Auch wenn der Schnee nicht immer gleich ist, Skifahren ist immer Skifahren. Mit den immer gut gelaunten Kiwis ist jeder Skitag besonders und so wurden meine K2 Mind-bender 115C zu Carving-, Park- und Powder Skiern. Mein absolutes Highlight erlebte ich Mitte August, als ich mir einen Traum erfüllte und einen Heliski-Tag mit „Southern Lakes Heliski“ in Wanaka buchte. Heli Pilot und Guide schafften es für jede unserer acht Abfahrten, unverspurtes Gelände und guten Powder zu finden. Verwöhnt und zufrieden von dem perfekten Heli Tag und aufgrund eines schlechten Wetterberichtes - wieder mehr Wind und Regen - plante ich einige kurze Trips an die Küsten Neuseelands. Zwischen Skitagen in Treble Cone, Cardrona, The Remarkables und Coronet Peak, wanderte ich drei Tage ohne Empfang für mein Handy allein durch den Busch auf Stewart Island, sammelte Muscheln und beobachtete Seelöwen und Pinguine in den Catlins, verbrachte Zeit in den Museen und Art Galleries von Christchurch und kam in Kaikoura Pottwalen zum Anfassen nahe.

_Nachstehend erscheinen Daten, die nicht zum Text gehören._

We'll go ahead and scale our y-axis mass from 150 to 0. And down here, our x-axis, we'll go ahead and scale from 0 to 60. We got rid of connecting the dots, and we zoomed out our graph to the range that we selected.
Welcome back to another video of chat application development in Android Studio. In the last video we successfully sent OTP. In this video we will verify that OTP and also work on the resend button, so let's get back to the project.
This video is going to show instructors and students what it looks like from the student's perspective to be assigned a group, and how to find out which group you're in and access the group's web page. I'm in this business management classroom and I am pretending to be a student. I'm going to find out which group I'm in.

Obwohl die Trips nach Stewart Island, in die Catlins, nach Christchurch und Kaikoura nicht geplant waren, weil ich eigentlich vorhatte mehr Ski zu fahren, wurde dadurch das Programm meiner Reise vergangenen August noch interessanter. Neuseeland bietet so viel abwechslungsreiche Landschaft und Kultur, die man sich auf keinen Fall entgehen lassen sollte.
Auch wenn man die Spuren der langen Reisesperre noch deutlich sehen und spüren konnte – viele Hotels und Hostels waren immer noch geschlossen und erinnerten teilweise an Geisterhäuser, online gebuchte Busse kamen zu spät oder überhaupt nicht. Einmal, als ich in den Catlins ein Restaurant besuchte um Abend zu essen, hat man mich gefragt, ob es mir nichts ausmache, wenn ich der einzige Gast sein würde. Ich wurde den ganzen Abend als alleiniger Gast in einem Speisesaal mit zirka 15 Tischen bedient!

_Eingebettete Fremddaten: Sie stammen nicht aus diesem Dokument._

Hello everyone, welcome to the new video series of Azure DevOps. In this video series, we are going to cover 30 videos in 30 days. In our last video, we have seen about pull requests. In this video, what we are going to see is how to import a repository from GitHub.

Es dauert vielleicht noch ein bisschen, bis sich das Leben in Neuseeland wieder vollständig normalisiert und die Spuren der Pandemie verschwinden. Neuseeland wird aber immer Neuseeland bleiben, so wie Skifahren immer Skifahren ist. Und ich werde ebenfalls ganz sicher wiederkommen!